Of the 51 rebels, 32 were handed over at Tamulpur in Nalbari district and the remaining 19 at Mangaldoi in Darrang district. Sources said another batch of nearly 30 Ulfa and NDFB rebels is likely to handed over by the RBA tomorrow.
In Mangaldoi, the army also handed over 18 AK-56 rifles with bayonets, one AK-56 without bayonet, 1,140 live rounds of AK-56, 38 magazines of AK-56 rifles, three Claymore mine, Rs 67,602 in Indian currency and Rs 50,000 in fake currency and two Kenwood radio sets.
In neighbouring Sonitpur district, the army handed over Ulfa ideologue Bhimkanta Buragohain to the police. Buragohain, who was rumoured to have been killed over a week ago in the operations launched by the Royal Bhutan Army on December 15, was produced before the media at a function organised by the 4 Corps headquarters in Tezpur yesterday.
State home commissioner B.K. Gohain said Buragohain and three other Ulfa rebels would be produced before the Sonitpur chief judicial magistrate tomorrow. Gohain also said the army had lodged an FIR with the police and handed over three AK-56 rifles, a satellite phone and Rs 2 lakh in cash.
Sources quoting RBA officials today said all 30 camps belonging to the Ulfa, the NDFB and the KLO have been demolished. The home commissioner clarified that all those who had been handed over by the Bhutan authorities would have to be treated as ?apprehended? and due legal action would be initiated against them.
?The general amnesty is for only those militants who contact either the police or the army or the civil authorities expressing their willingness to surrender and not for those are handed over by the Bhutan army after they were apprehended during the ongoing operation,? he added.
Joining the clamour for talks in the wake of the RBA operations, the Assam CPM today urged the Centre and the outfit to initiate talks. It said the problem cannot be resolved through army operations.
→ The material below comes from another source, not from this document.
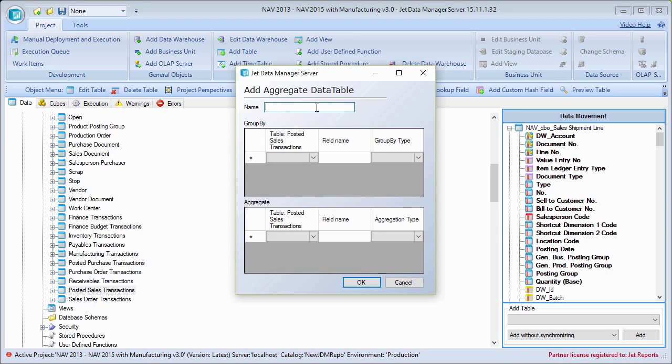Let's just say for the purpose of this example that I want to aggregate my sales by month by salesperson by customer or something like that. So I can go ahead and just call this monthly sales.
CPM secretary Hemen Das said, ?Political dialogue is a must for any kind of solution. The United Front government under H.D. Deve Gowda had offered unconditional talks but they were spurned by the outfit. The party, however, appeals to both the governments and the outfit to hold talks unconditionally in the greater interest.?
Former chief minister Prafulla Kumar Mahanta, on the other hand, told a gathering of party workers at Jagiroad off Guwahati that the production of Buragohain and his statement to the media yesterday have only exposed the lies spread by the outfit. Mahanta added that he had repeatedly asked the Ulfa leadership to sit for talks but to no avail.
Prime Minister Atal Bihari Vajpayee today spoke to Bhutanese King Jigme Singhye Wangchuk over phone and congratulated him on the Royal Bhutan Army?s success in the ongoing operations to dislodge the insurgents.
He also conveyed his condolences to the bereaved families of the soldiers who lost their lives in the operations, official sources told PTI in New Delhi.
India has been providing only logistic support to Bhutan, including evacuation of its injured army personnel in Operation All Clear.
Thimpu-Dhaka flights suspended: Bhutan has temporarily suspended flight between Thimpu and Dhaka in view of the presence of Ulfa militants in Bangladesh. A Bhutanese official told PTI over phone from Samdrup Jongkhar that the flight had been suspended to prevent exit of militants fleeing from the camps demolished in Bhutan.